WORK TO COMPLETE: All pictures must be left out as you transcribe the lines from the first line of the data to the line containing "A modern living", both included.

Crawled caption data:
§
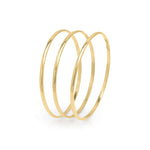 Mira set of three gold bangles by ARIIRA with sleek polished finish for elegant, versatile styling.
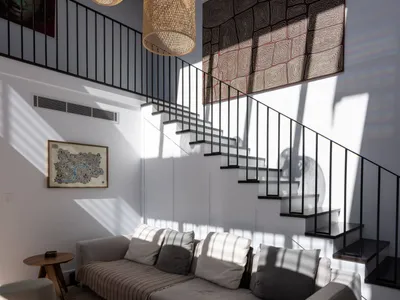 A modern living room with a comfortable couch, artistic wall decor, and large bamboo pendant lights hanging from a vaulted ce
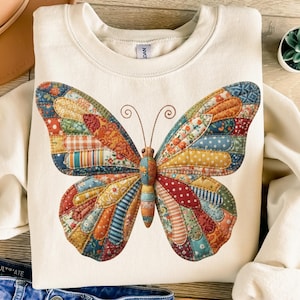 May include: Cream-colored sweatshirt featuring a large, colorful butterfly design. The butterfly wings are composed of various fabric patches in shades of red, orange, blue, and yellow. The butterfly has brown antennae and a detailed body. The sweatshirt is made of a soft material.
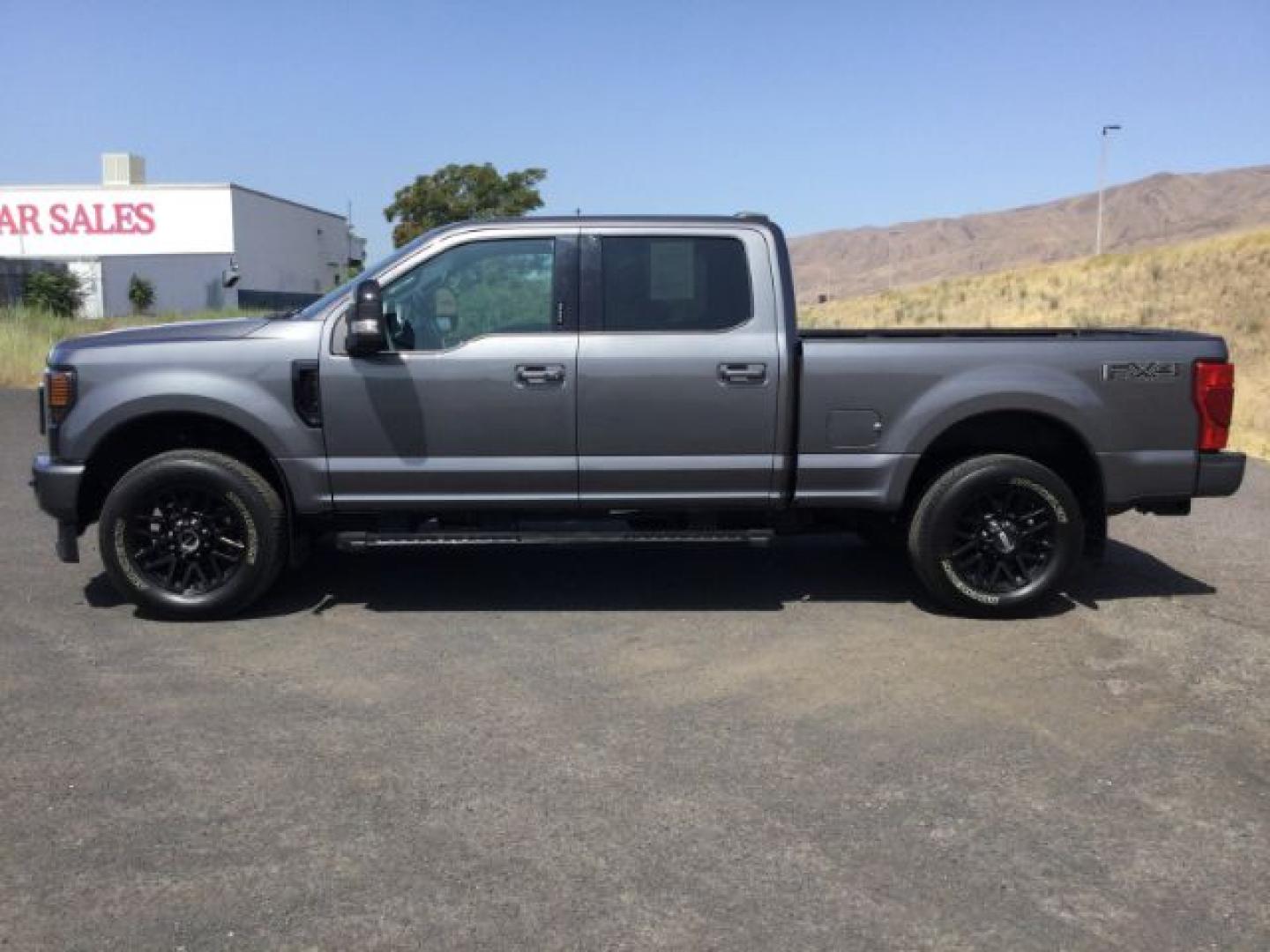 2022 Carbonized Gray Metallic /Black Onyx Ford F-350 Crew Cab 4x4 Lariat (1FT8W3BN6NE) with an 7.3L V-8 variable valve control engine, Automatic, 10-Spd w/SelectShift and TorqShift transmission, located at 1801 Main Street, Lewiston, 83501, (208) 743-9371, 46.417065, -117.004799- Photo#1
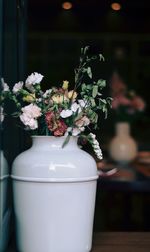 Close-up of white flower vase on table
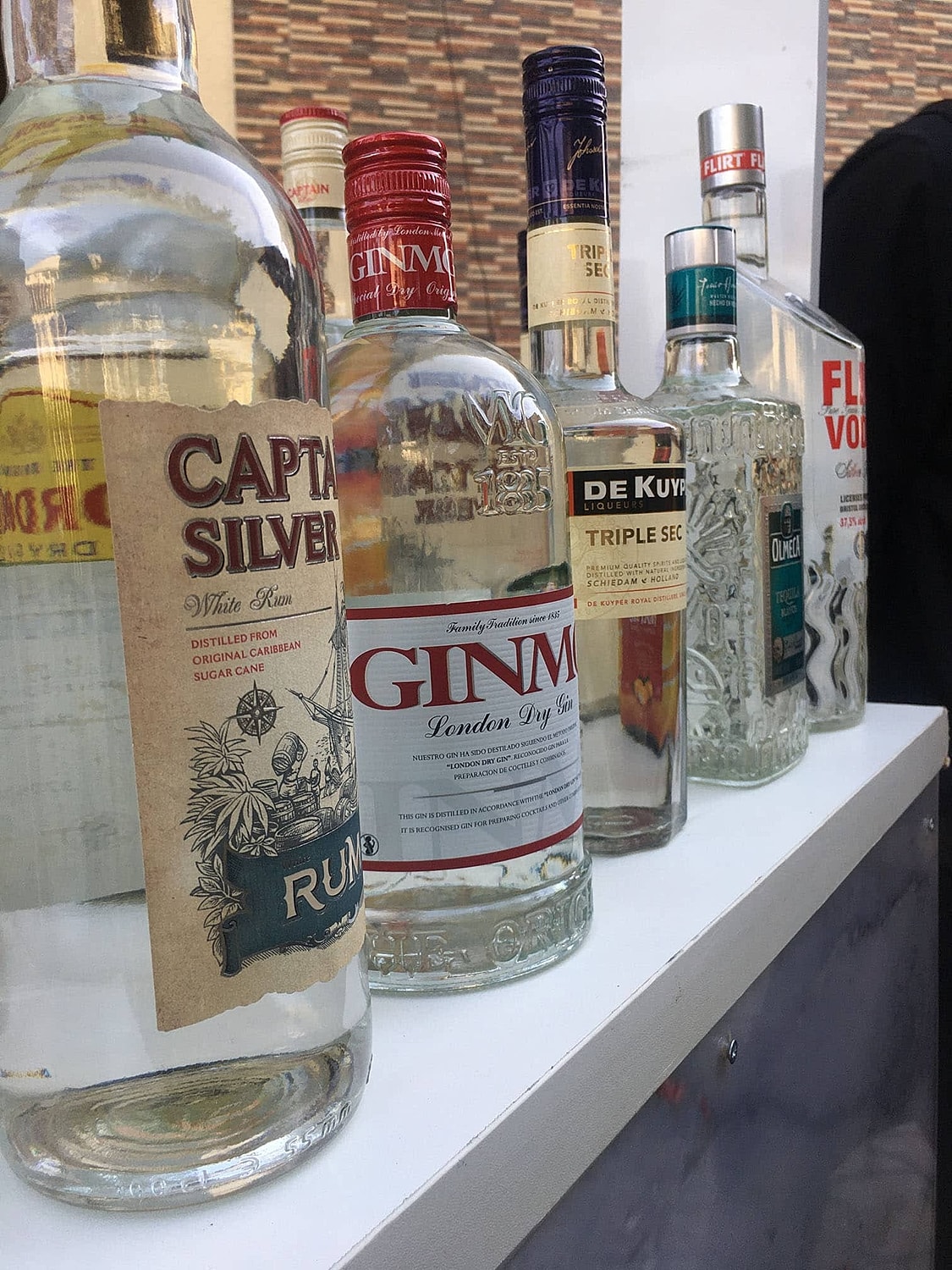 Assorted liquor bottles on display.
§
SOLUTION TO THIS PROBLEM:
 Mira set of three gold bangles by ARIIRA with sleek polished finish for elegant, versatile styling.
 A modern living room with a comfortable couch, artistic wall decor, and large bamboo pendant lights hanging from a vaulted ce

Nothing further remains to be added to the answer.